Promising start to Nightwish world tour in Tel Aviv

Anette Olzon has not yet seized role as band's front-(wo)man

By Jussi Ahlroth in Tel Aviv

“It’ll be OK when the band learn to play the numbers”, grunts Tuomas Holopainen in the bar of the Tel Aviv Sheraton. It is the afternoon before the opening gig of Nightwish’s world tour - a one-off in Israel. The band’s keyboardist, leader and composer is not exactly oozing self-confidence.
      Holopainen says he was so nervous at the clandestine warm-up gigs before the tour that it was all he could do to find the right keys and hit them in the right order.
     
Excitement, expectation, and pressures galore are stacked up for this evening’s gig. It’s a tour curtain-raiser, there’s a new singer onboard, new numbers from a brand new album, and it is the first time the band have performed in Israel.
      Sitting next to Holopainen, drinking green tea with milk in it, is Nightwish’s new Swedish vocalist Anette Olzon.
      Olzon laughs that with a rock band it’s pretty much a given that the vocals should go astray in a live setting. She’s right, of course, but the comment still gives a bit of an impression of playing safe and covering bases in advance of tonight’s gig.
      And it is Olzon, after all, who has to face the brunt of the pressure.
     
“This is one of those places we’d never find our way to otherwise”, says Ewo Pohjola, the chatty Nightwish manager.
      “There are constantly around 50 requests in my mailbox to bring the band for a gig.”
      It is not that Israel has been omitted from tour schedules in the past out of any standoffishness from the band, but the venue is simply too far off the beaten European track to get into the schedules.
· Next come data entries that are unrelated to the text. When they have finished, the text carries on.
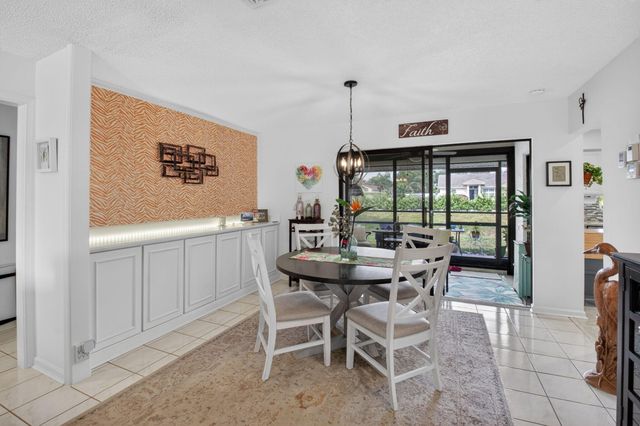 9825 Tabebuia Tree Drive A, Boynton Beach, FL 33436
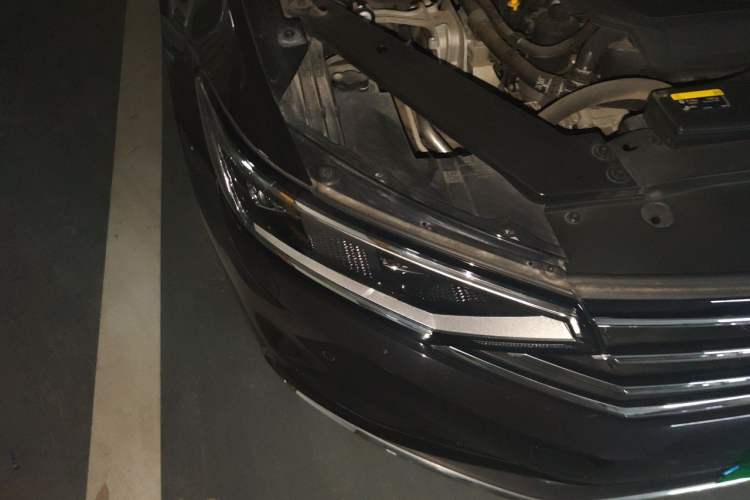 Used Volkswagen Magotan 2021 330TSI DSG 30th Anniversary Edition Right Front Headlight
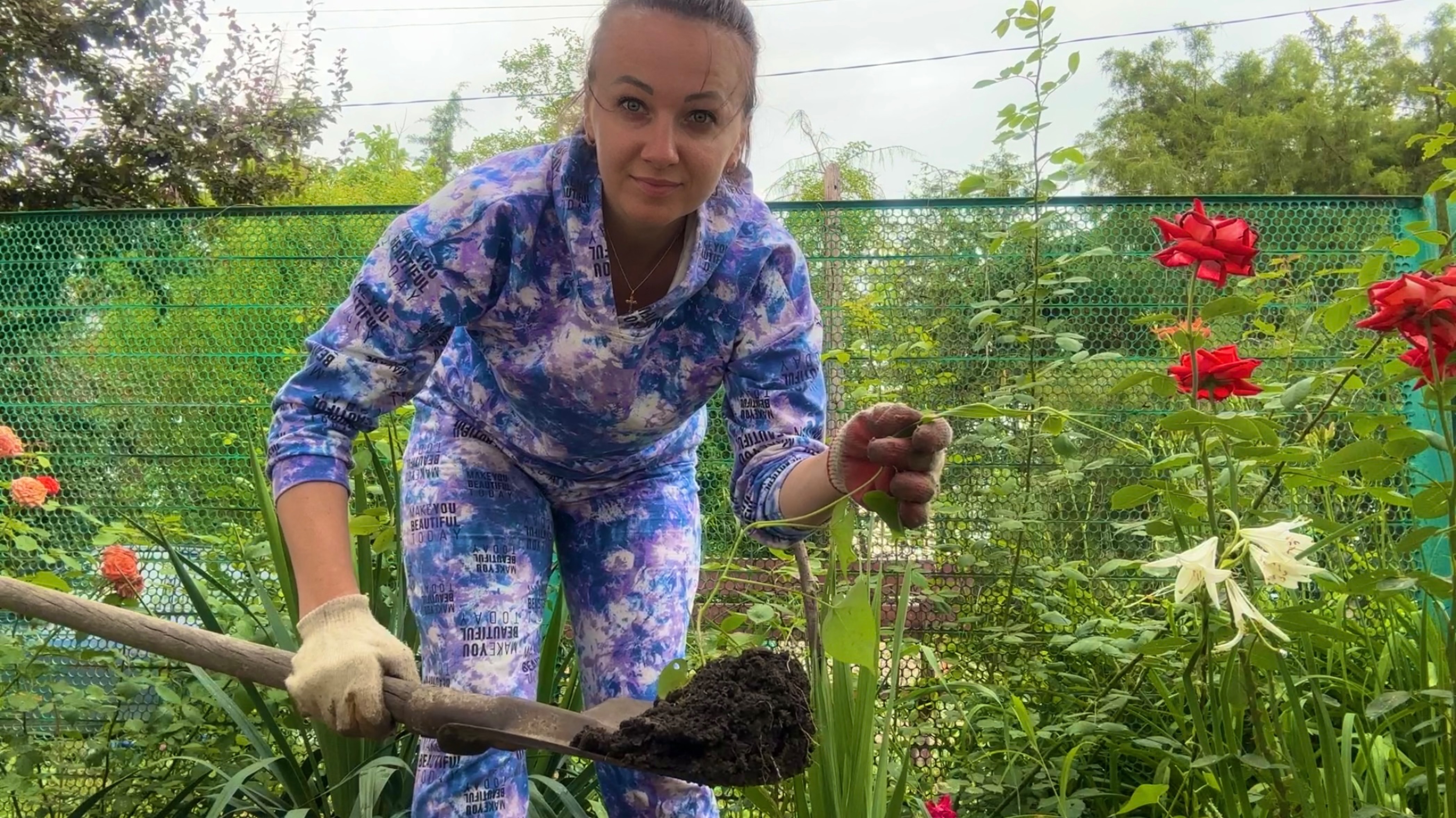 Ждем пополнение / Простая жизнь в деревне / Пересаживаю цветы / Оборвали черешню.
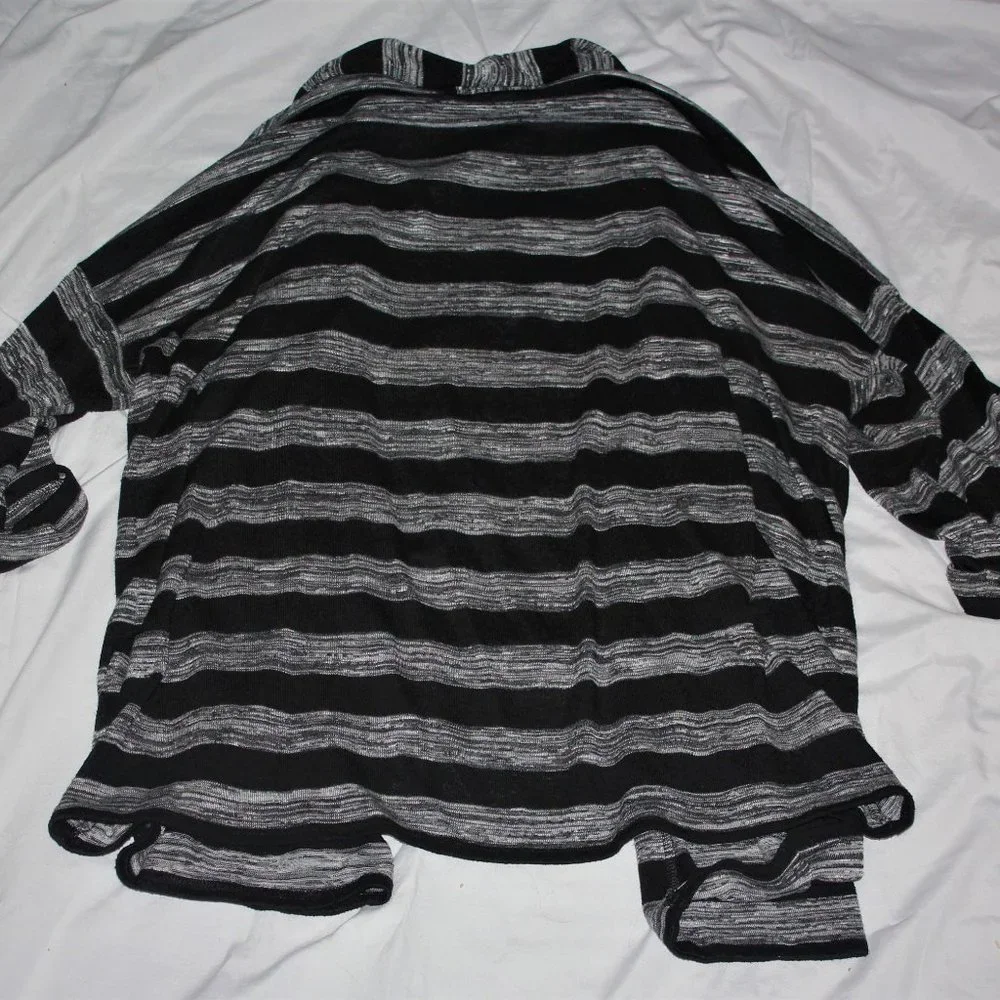 Avenue Sleeveless Top and Cardigan Set - Picture 2 of 8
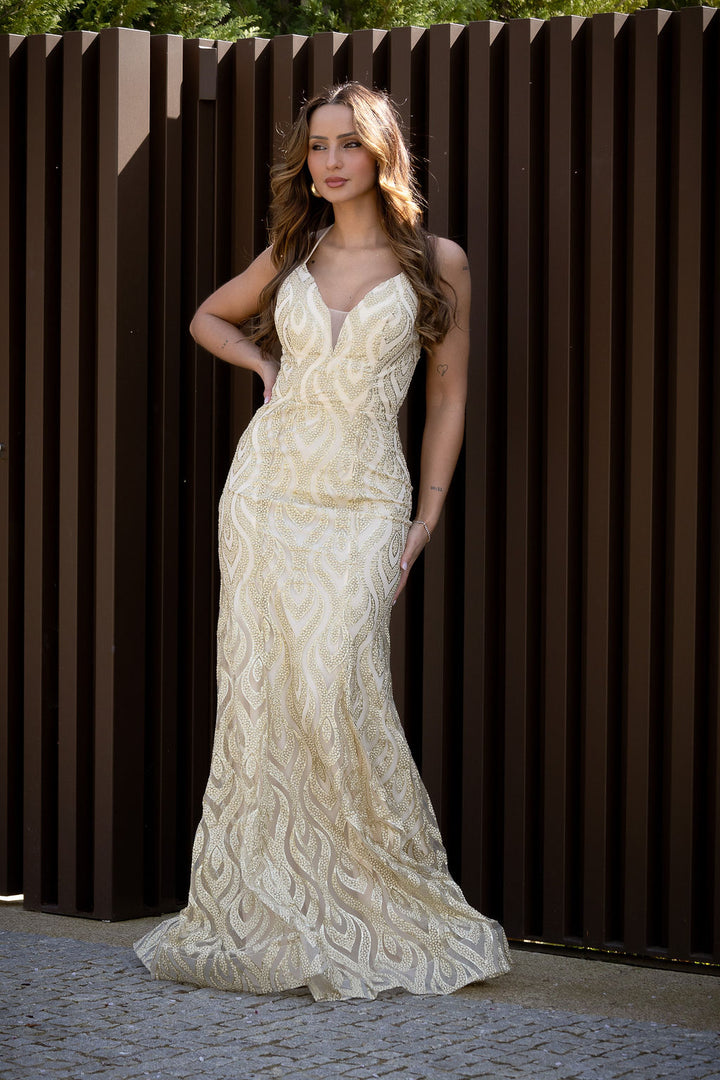 VESTIDO DOURADO COMPRIDO COM BRILHANTES PONTO CHIC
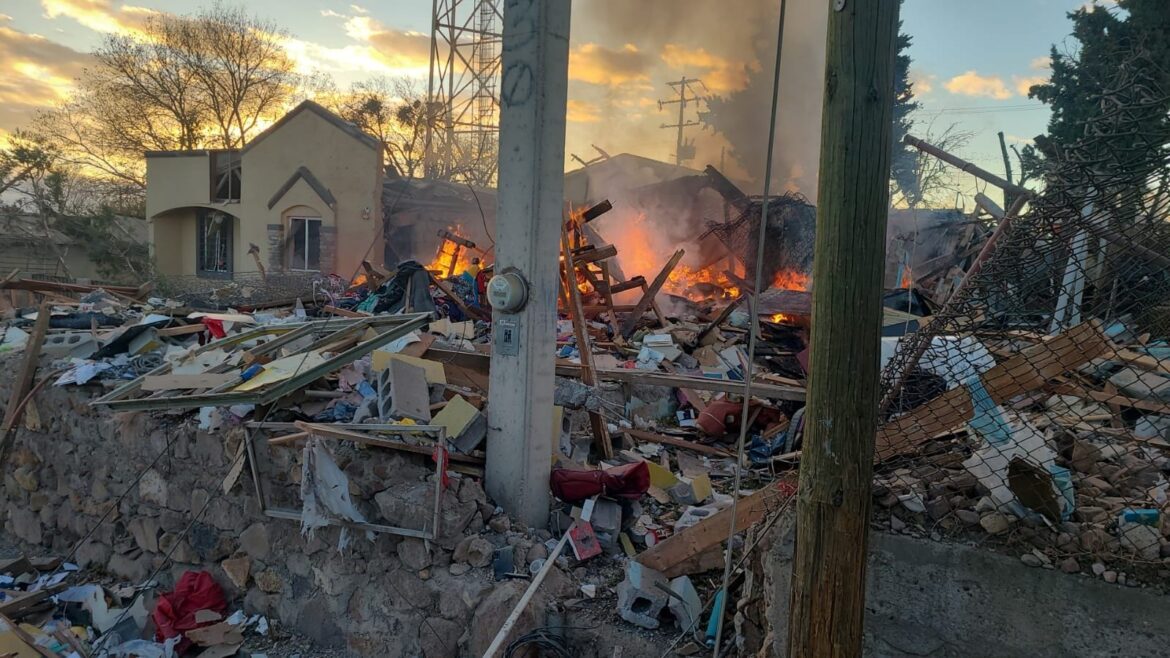 Explosión de vivienda en Cananea deja al menos 14 lesionados y daños a terceros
A bit like Finland for some bands in the past, really.

(...)
     
      All in all, the 3,200-strong Israeli audience gave Nightwish a warm and at times wild reception.
      The new single Amaranth went down well and works very nicely in the live format. It is also interesting that Sahara comes over a great deal better on stage than on the CD.
      The opening part of the 13-minute epic Poet and the Pendulum is very impressive, but the entire piece is a challenge for the concert audience. The same might be said of the concert as a whole, since it ran to around two hours and included 18 tracks.
     
The quieter moments swam rather too deep for comfort, when the audience and the band alike - probably for purely stamina-related reasons - could not keep up the intensity level the whole way through.
      The best reception was given to the old Nightwish hits like Dark Chest of Wonders, which was served up in the third spot. Clearly the bulk of the audience were longstanding fans and they had a good communal singalong with the intro to the old warhorse Ever Dream.
      Of the old numbers, Olzon has put her own stamp best on She is My Sin and Nemo. The slow-burning ballad Sleeping Sun requires the sort of technically pure, even slightly chilly interpretation that Tarja Turunen could bring to it. Olzon’s more happy-clappy style does not really carry the song.
      One of the climaxes of the show was definitely Marco Hietala’s singing on The Islander, a lovely mood piece from the new album.
     
(...)

   
After the show, Finnish heroes from both sides of the footlights met backstage.
      A dozen or so Finnish UNTSO military observers located on the Lebanese border had come into town to meet the band.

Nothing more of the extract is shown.